James Edward Austen-Leigh tells us that Lady Susan is untitled. We see we have a genuinely fair copy, all gussied up as if Austen was pretending she was publishing her book. This kind of psychological imitation is found in early modern women for texts they cherish and would like others to see in this permanent (more or less) form. So she must’ve cared about the book. Why not name it? Yet, as Austen-Leigh says, it has no name. Austen-Leigh named the book after its chief protagonist, but Austen might have preferred any number of thematic names. In the 18th century novels were named after the chief protagonist; an important theme; or the place the novel importantly occurs in. Following her predilection in her first four, she might have played upon the tradition of widows as hypocritically grieving, while conducting liaisons, so a thematic The Gay Widow (no pun intended) might be appropriate; given the way Austen is regarded the film-makers could scarcely have gone for Adultery Exposed. But maybe, just maybe Austen did have a an ironically amoral/moral title in mind in the manner of LaClos’s Les Liaisons Dangereuses.
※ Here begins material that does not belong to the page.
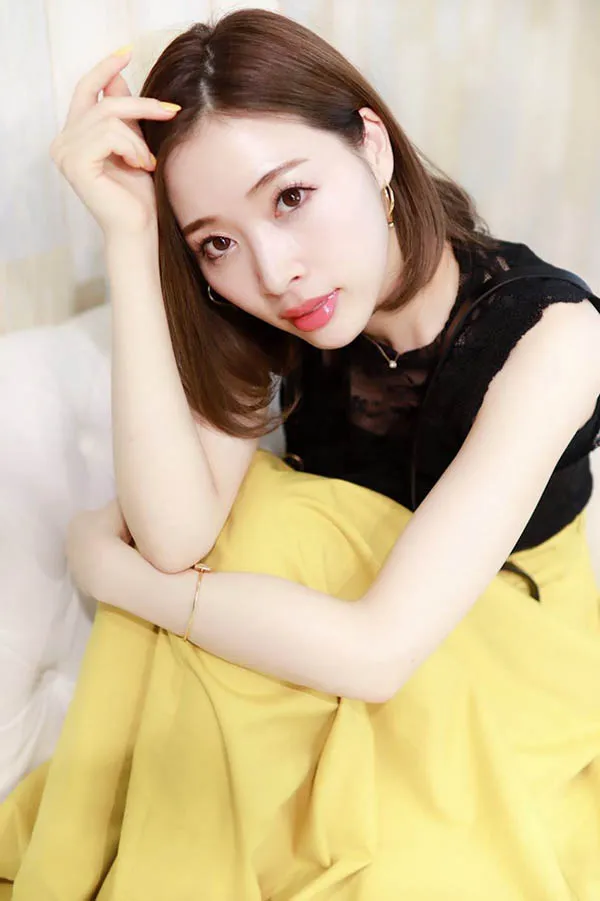 本田岬演出风采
Eager to prevent Austen’s texts from being lost or hidden from the public any longer, later that same year (1871) JEAL published the fragment, The Watsons. Family tradition, confirmed by Catherine Anne Hubback (daughter to Jane’s brother Frank) who finished the novel with details which suggest a knowledge of the autobiographical backgrounds of Austen’s texts, is this was originally called (by Austen herself) The Younger Sister. This time JEAL was covering up. Sanditon came out many years later: 1825. This is Chapman’s title, calling attention to the unusual setting. The text is untitled in the manuscript, Frank’s grand-daughter declared it was called The Brothers, so like The Younger Sister an autobiographical allusion or source for the work is obscured. Gilson in his magisterial Bibliography also records “The Last Work,” perhaps as semi-comment on the author’s sad death, her weakness and silencing from her illness.

That leaves us with Mansfield Park, Emma, and what we have of titles for the so-called Juvenilia, among which is Love and Freindship (first published 1922) as Austen’s own.

Does it matter? yes. A rose by any other name smells as sweet; still, framing matters. When Stillman decided to re-name the work with a juvenilia name he could hope more Austen readers have read (and found hilarious) outside the famous six novel canon, he was not distorting Austen’s framing. Stillman has said he found Love and Friendship appropriate to the novella, but film-makers no more than authors are on oath when they discuss their book. No one in the novel confides in a friend, friendship is a function of your acceptability. Love too is meted out contingently. The letters are from Churchill, most to them from rather than to. How about The Churchill Letters? this seething place within.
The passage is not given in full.